Lancée en septembre 2016, la revue Mémoires
en jeu / Memories at Stake en est aujourd’hui à son 8e numéro. Elle doit son double
titre au fait que non seulement tous les articles comportent un résumé en
anglais, mais qu’elle publie des articles jugés essentiels parus dans cette
langue. (Des ouvrages en langue étrangère font également l’objet de comptes rendus.)
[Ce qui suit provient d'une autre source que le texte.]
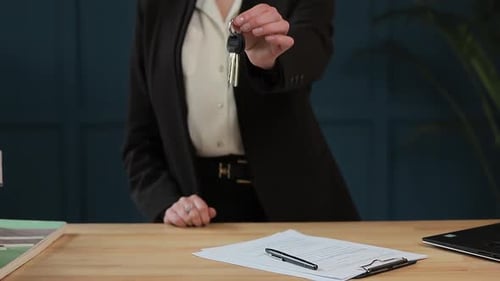 Businesswoman Holding Keys in Office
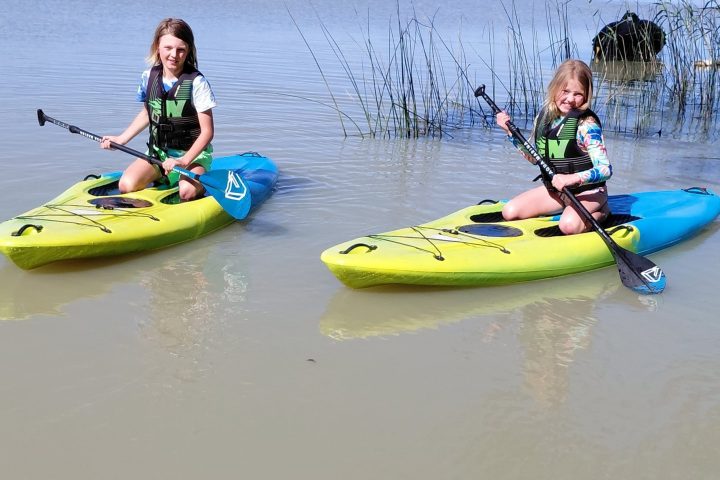 Two people kayaking on a calm body of water.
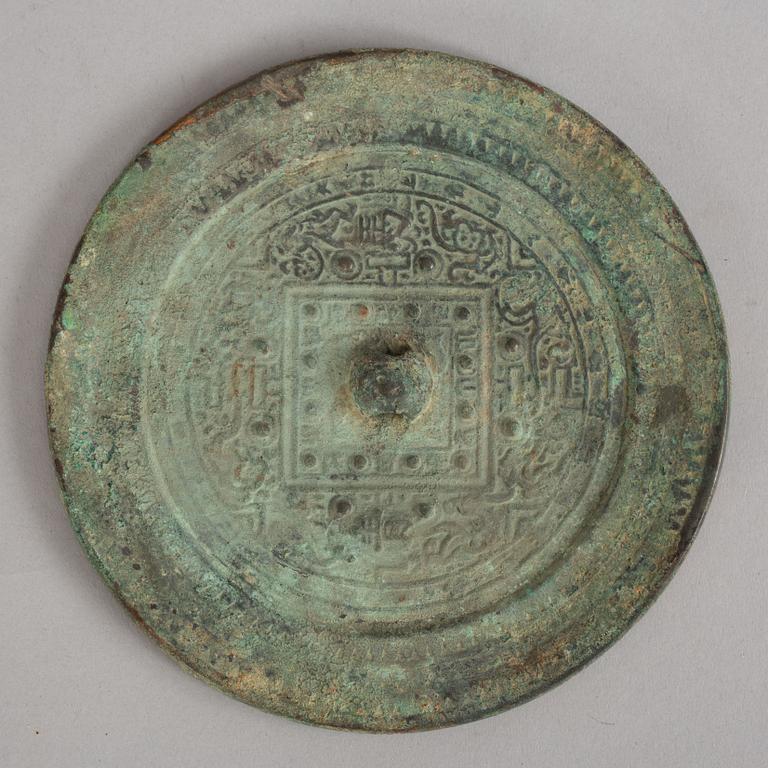 A bronze mirror, Xin-Eastern Han dynasty (9-220).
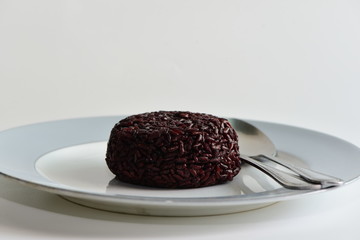 Cooked rice berry in plate on white background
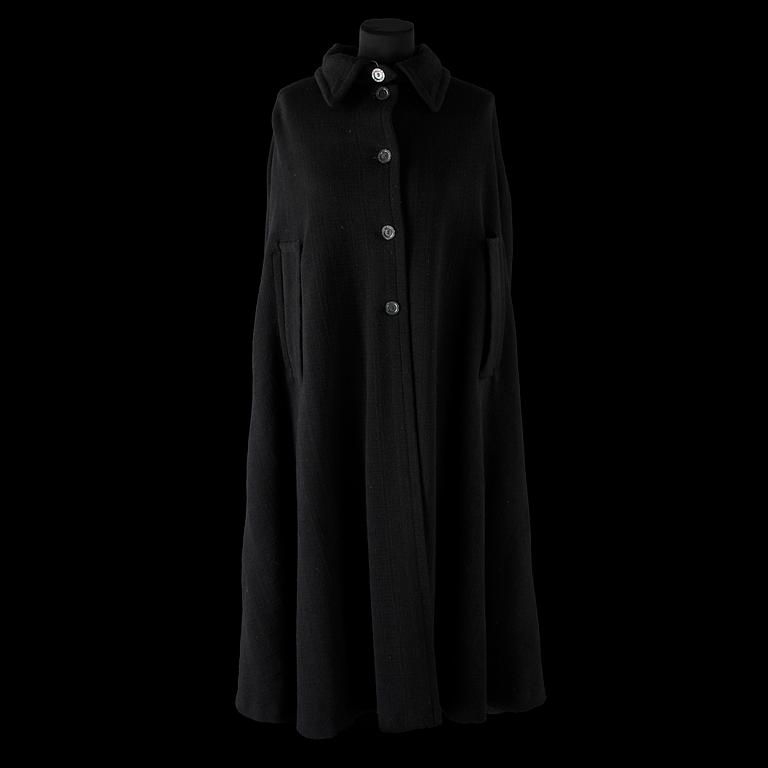 A black 1960s/70s cape by Hermès.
Comme son nom l’indique, la revue est dédiée à la mémoire dont l’émergence dans
l’espace public et dans le champ académique s’est imposée au cours des
dernières décennies. Sont abordés bien entendu ses rapports avec le récit
historique et historien, mais aussi la façon dont elle se reflète dans la
créativité artistique (littérature, cinéma, production artistique plastique,
muséographie etc.).
Mémoires en jeu se dit « Revue critique interdisciplinaire et multiculturelle sur
les enjeux de mémoire » et ceci n’a rien d’une formule convenue. Dans la
rubrique « Actualités » du numéro 8, on trouvera la critique qui ne
mâche pas ses mots du livre Les
Amnésiques de la journaliste Géraldine Schwarz sur lequel Carola
Haehnel-Mesnard se serait sans doute bien dispensée d’écrire si cette fausse confrontation
avec le papy nazi n’avait fait l’objet de tant d’éloges de la presse et même
reçu en 2018 le Prix du livre européen. Le jury se serait-il contenté de la
belle couverture rétro ? Il faut dire que la mode est aux récits
« perso », même parmi les nôtres. (Parfois ça marche.) Mais on
trouvera surtout un entretien de Meïr Waintreter avec Philippe Mesnard
(directeur de la revue) sur « Antisémitisme, antisionisme et/ou
mémoires », qui remet les idées en place, une discussion autour du concept
de « mémoire multidirectionnelle » de Michael Rothberg dont le site de la revue permet l’écoute de l’interview intégrale (en anglais), une mise au point sur le
génocide au Cambodge, un dossier
proposant une encyclopédie des mots relatifs à la mémoire, leur évocation
selon les contextes, les époques et les pays, un inédit du professeur Pawel
Machcewicz, directeur du Musée de la Seconde Guerre mondiale à Gdansk de 2008 à
2017 – sans compter un détour par le siège de l’Alcazar de Tolède en 1936 ou
encore le siège de Leningrad (1941-1944), autant de lieux où les commémorations
peuvent se révéler des pièges. On touche ici le point névralgique lorsque
l’histoire officielle l’emporte sur une mémoire embarrassante dont elle veut
précisément se débarrasser. Dans d’autres cas, cela peut être l’inverse, la
mémoire collective (pour parler vite) entravant le travail de l’historien(ne). Analyser
ces cas de figures est le travail de base de Mémoires en jeu qui ne doit laisser aucun(e) historien(ne)
indifférent(e).
Appuyée sur le site sus mentionné, la revue offre régulièrement
entretiens vidéo et promenades à travers les expositions. On ne saurait que
trop recommander aux collègues, enseignants en lycées et universités, de
demander l’abonnement à leur bibliothèque, médiathèque et autres services
communs de documentation. Elles/ils y
trouveront support à leur enseignement comme à leurs propres recherches et aussi
un grand plaisir de lecture à l’instar de l’auteure (qu’on me pardonne, mais
« autrice », je n’y arrive pas !) de ces lignes.